D’altronde, è difficile abbandonare un qualcosa che per molto tempo è stato parte di te, e anche in tal caso non possiamo giudicare Hana se fatica a lasciare andare quel Mark che, volente o nolente, l’ha protetta. Senza di lui si sentirebbe nuda e a disagio.
Alla fine del film Hana non è più schiava della propria identità, il corpo non è più un ostacolo e lei può vivere e viversi come donna senza essere giudicata. E questa è l’unica vera forma di libertà, quella che serve a Hana e a tutti noi. Quella libertà che ci libera da tutto ciò che è materiale per elevarci e farci vivere leggeri.
«Essere è essere libero. No: niente legami, neppure con noi stessi. Liberi da noi stessi e dagli altri, contemplativi privi di estasi, pensatori privi di conclusioni».
(Fernando Pessoa, Il libro dell’inquietudine)
Figlia mia (2018)
I figli sono di chi li mette al mondo o di chi li cresce? Questa è la domanda che ci poniamo guardando Figlia mia, il secondo film di Laura Bispuri.
La trama è semplice: Vittoria, all’età di dieci anni, scopre di avere due madri. Tina, che l’ha adottata, e Angelica, che l’ha data in adozione in cambio di un luogo dove poter vivere e di aiuti economici.
Le due donne sono agli antipodi. Tina è pudica quanto timorata, mentre Angelica è impulsiva e sfacciata. Nel mezzo troviamo la piccola e fragile Vittoria, la quale, dopo aver scoperto la verità sulle sue origini, si trasformerà da bambina fragile e insicura a piccola donna coraggiosa e sicura di sé.
Il fulcro di questa storia, infatti, è proprio la piccola Vittoria e la sua crescita personale.
All’inizio del film la bambina è insicura, senza autostima e costantemente impaurita.
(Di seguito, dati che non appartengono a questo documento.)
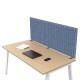 Pannello fonoassorbente per scrivania - 115 x 40 cm - morsetti neri - azzurro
Questo perché, nonostante Tina l’abbia cresciuta con amore, le ha involontariamente inculcato i suoi timori e questo anche perché teme possa assomigliare alla madre biologica.
L’incontro con Angelica cambierà la vita della piccola che comincerà ad affrontare le sue paure e a essere più solare e vivace. Angelica le farà acquistare quella dose di carattere necessario per affrontare il mondo degli adulti.
Angelica trascina fuori la bambina da quella campana di cristallo che le aveva costruito Tina, le fa affrontare la vita vera senza troppe protezioni e la dona al mondo perché sa che è l’unico modo per farla sbocciare in tutta la sua bellezza.
«I vostri figli non sono i vostri figli. Sono i figli e le figlie della forza stessa della Vita. Nascono per mezzo di voi, ma non da voi. Dimorano con voi, tuttavia non vi appartengono».
(Khalil Gibran)
Questo non vuol dire però che Vittoria abbandoni gli insegnamenti di Tina: si trova a metà strada, tra la timidezza di Tina e la sfrontatezza di Angelica. D’altronde crescere vuol dire trovare quel giusto equilibrio tra l’estrema paura e l’estremo coraggio. Per questo motivo Vittoria si è dimostrata migliore delle sue madri. La maternità è di fatto l’altra grande questione del film.
Alla fine, Vittoria di chi è figlia? Di chi l’ha partorita per poi darla via o di chi l’ha cresciuta amorevolmente?
Il fatto che Tina le abbia fatto da madre non è indifferente, l’ha amata e accettata e questa è la sola cosa ad avere importanza.
Dall’altro lato, Angelica e Vittoria si sono amate dal primo istante e si sono riconosciute l’una nello sguardo dell’altra non solo per la somiglianza fisica, ma anche perché hanno lo stesso animo e la stessa irrequietezza che le rende strane e particolari.
Quindi, per rispondere alla domanda, i figli sono di chi li ama e li aiuta a crescere. La differenza tra le due donne è che Angelica deve imparare il mestiere del genitore, ma la conclusione del film suggerisce che Tina e Vittoria l’aiuteranno.